## Goals
* Ingest data from persistent storage
* Explore and manipulate data using RDDs, DataFrames (and SQL), and simple visualization

In [None]:
from pyspark import SparkContext
from pyspark.sql import SQLContext

from datetime import datetime
import json

%matplotlib inline
import matplotlib.pyplot as plt

In [None]:
spark = SparkContext("local[*]", "demo")
print spark.version

In [None]:
sqlContext = SQLContext(spark)

In [None]:
# Creating an RDD from data on disk
jsonRDD = spark.textFile("data/*/part*", minPartitions = 100)

In [None]:
# Experiment with changing the number of partitions. You can also use transformations like `repartition` or `coalesce`.
print jsonRDD.getNumPartitions()

In [None]:
# Open up the UI on port 4040 in another tab
print jsonRDD.count()

In [None]:
samples = jsonRDD.take(5)
print type(samples[0])
print samples[0]

In [None]:
json_sample = json.loads(samples[0])
print type(json_sample)

In [None]:
print json.dumps(json_sample, indent=4, sort_keys=True)

In [None]:
# Twitter
print json_sample["text"]
print json_sample["createdAt"]

# Wikipedia
# print json_sample["comment"]
# print json_sample["timestamp"]

Let's look at how we can access individual elements across the entire dataset!

## Spark SQL and DataFrames - a convenient abstraction

In [None]:
# Twitter
# Creating a DataFrame from data on disk, and registering it in the temporary Hive metastore
raw_df = sqlContext.read.json("data/*/part-*").registerTempTable("data")
raw_df.filter(raw_df["user"]["followers_count"] > 50).select(["text", "favorited"]).show(5)
df = sqlContext.sql("SELECT user.lang, COUNT(*) as cnt FROM data GROUP BY user.lang ORDER BY cnt DESC LIMIT 25")
df.show()

In [None]:
# Wikipedia
# Creating a DataFrame from data on disk, and registering it in the temporary Hive metastore
raw_df = sqlContext.read.json("data/*/part-*")
raw_df.filter(raw_df.delta > 50).select(["channel", "page"]).show(5)
raw_df_extra = raw_df.withColumn("loc", raw_df["channel"][2:2]).registerTempTable("data")
df = sqlContext.sql("SELECT loc, COUNT(*) as cnt FROM data GROUP BY loc ORDER BY cnt DESC LIMIT 25")
df.show()

For more complicated operations, pre-defined or user-defined functions may be necessary.
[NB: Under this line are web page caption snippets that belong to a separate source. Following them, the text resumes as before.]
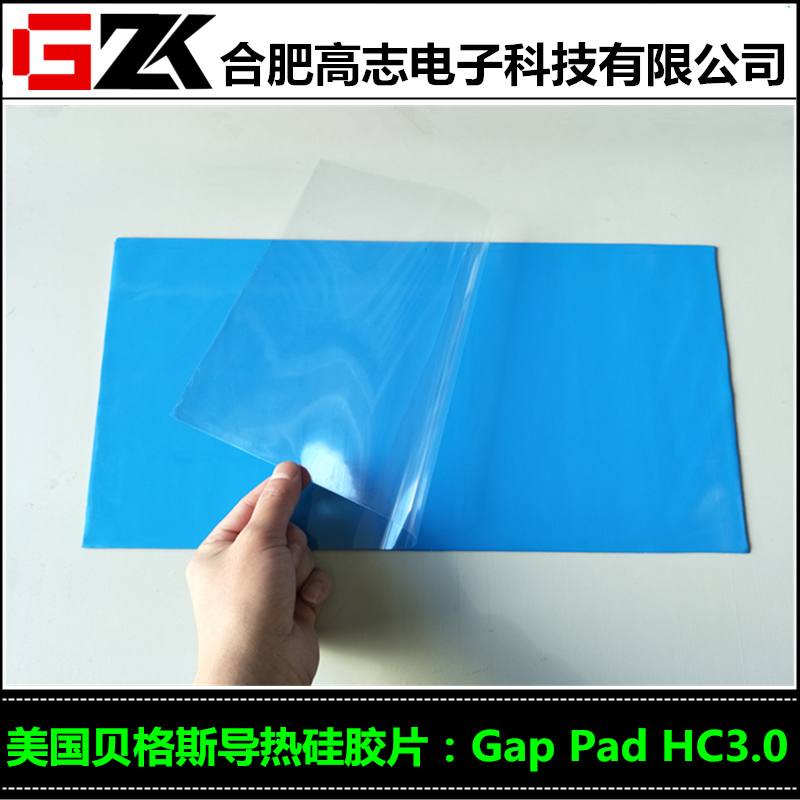 贝格斯GapPadHC3.0导热硅胶片绝缘片特价现货
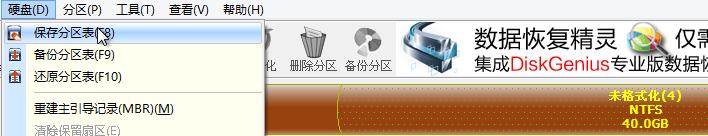 pe系统小工具大全,pe系统u盘制作工具推荐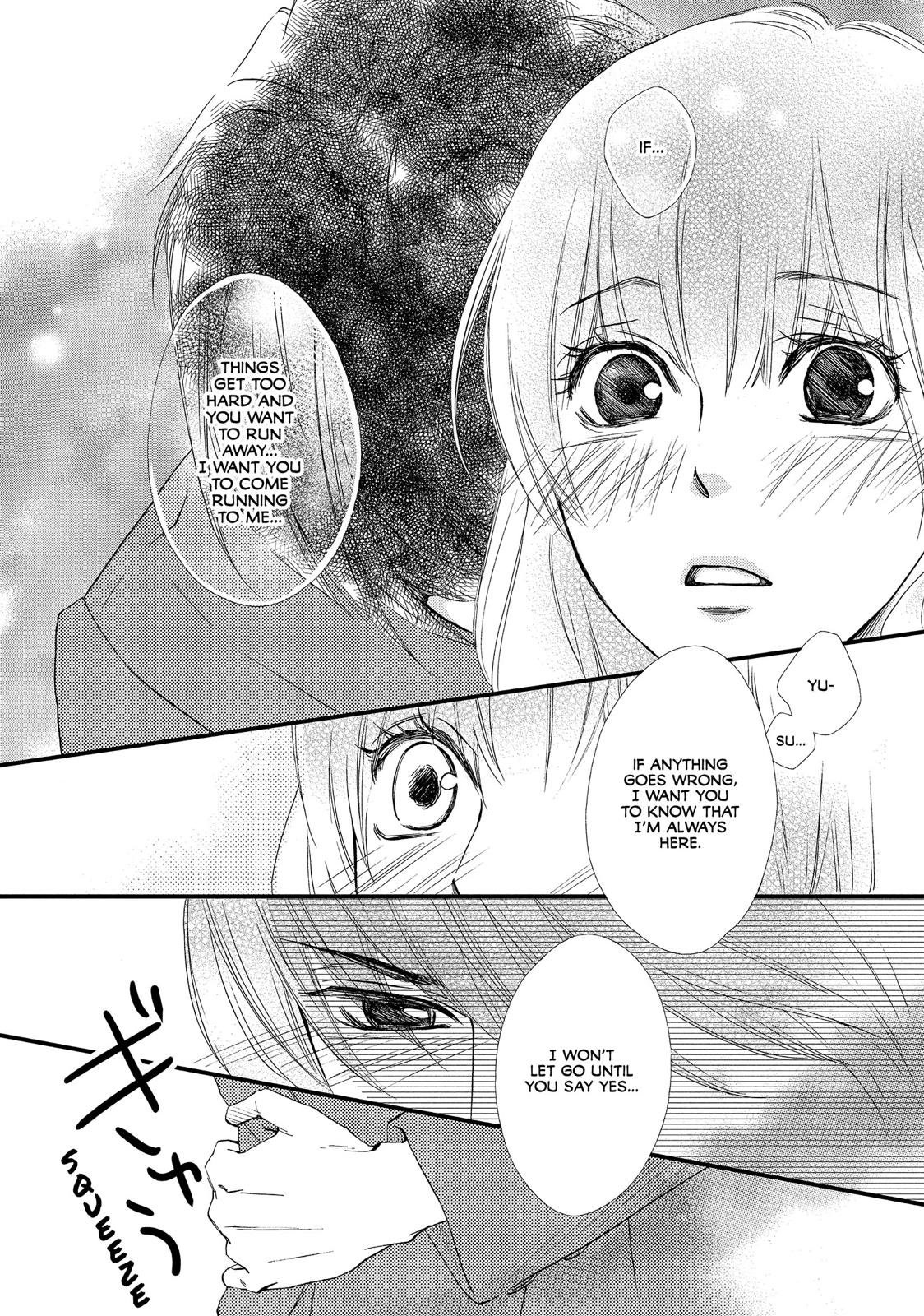Watashitachi ni wa Kabe ga Aru. Chapter 21 page 20 - Chapter 21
You can always drop down to the RDD level for more granular manipulation.

In [None]:
# Twitter
timestamps = jsonRDD.map(lambda x: json.loads(x)) \
                    .map(lambda x: (x, x["createdAt"])) \
                    .mapValues(lambda x: datetime.strptime(x, "%b %d, %Y %I:%M:%S %p")) \
                    .cache()
print timestamps.count()

In [None]:
# Wikipedia
# Be aware that the following strptime call will ONLY work for timestamps ending in Z (Zulu/UTC time)
timestamps = jsonRDD.map(lambda x: json.loads(x)) \
                    .map(lambda x: (x, x["timestamp"])) \
                    .mapValues(lambda x: datetime.strptime(x, "%Y-%m-%dT%H:%M:%S.%fZ")) \
                    .cache()
print timestamps.count()

*Note:* Many common transformations work across Spark: on DStreams, DataFrames, and RDDs.

## Caching and persistence - the key to Spark's speed

In [None]:
timestamps.filter(lambda x: x[1].minute == 57).count()

In [None]:
# A bit easier to read
timestamps.filter(lambda (blob, time): time.minute == 58).count()

In [None]:
# Twitter
def string_to_boolean_tuple(target, string):
    if target in string:
        return (1, 1)
    else:
        return (0, 1)

plot_data = timestamps.map(lambda (key, value): (value, key)) \
                      .map(lambda (time, tweet): (time.minute, string_to_boolean_tuple("RT", tweet["text"]))) \
                      .reduceByKey(lambda x, y: (x[0] + y[0], x[1] + y[1])) \
                      .mapValues(lambda (rts, total): 1.0 * rts / total) \
                      .collect()

In [None]:
# Wikipedia
def bool_to_boolean_tuple(val):
    if val is True:
        return (1, 1)
    else:
        return (0, 1)
plot_data = timestamps.map(lambda (key, value): (value, key)) \
                      .map(lambda (time, json): (time.minute, bool_to_boolean_tuple(json["isAnonymous"]))) \
                      .reduceByKey(lambda x, y: (x[0] + y[0], x[1] + y[1])) \
                      .mapValues(lambda (anons, total): 1.0 * anons / total) \
                      .collect()

*Note:* Scala makes helper functions like the above easier to write inline, which helps with code readability and succintness. The Python API has less freedom in this regard.

In [None]:
print type(plot_data)
print len(plot_data)
print plot_data[0]
x_data = [tup[0] for tup in plot_data]
y_data = [tup[1] for tup in plot_data]

In [None]:
plt.plot(x_data, y_data)

*Extension:* Perform the same analysis, but directly on the DStream. Note the difference in the Streaming UI.

In [None]:
spark.stop()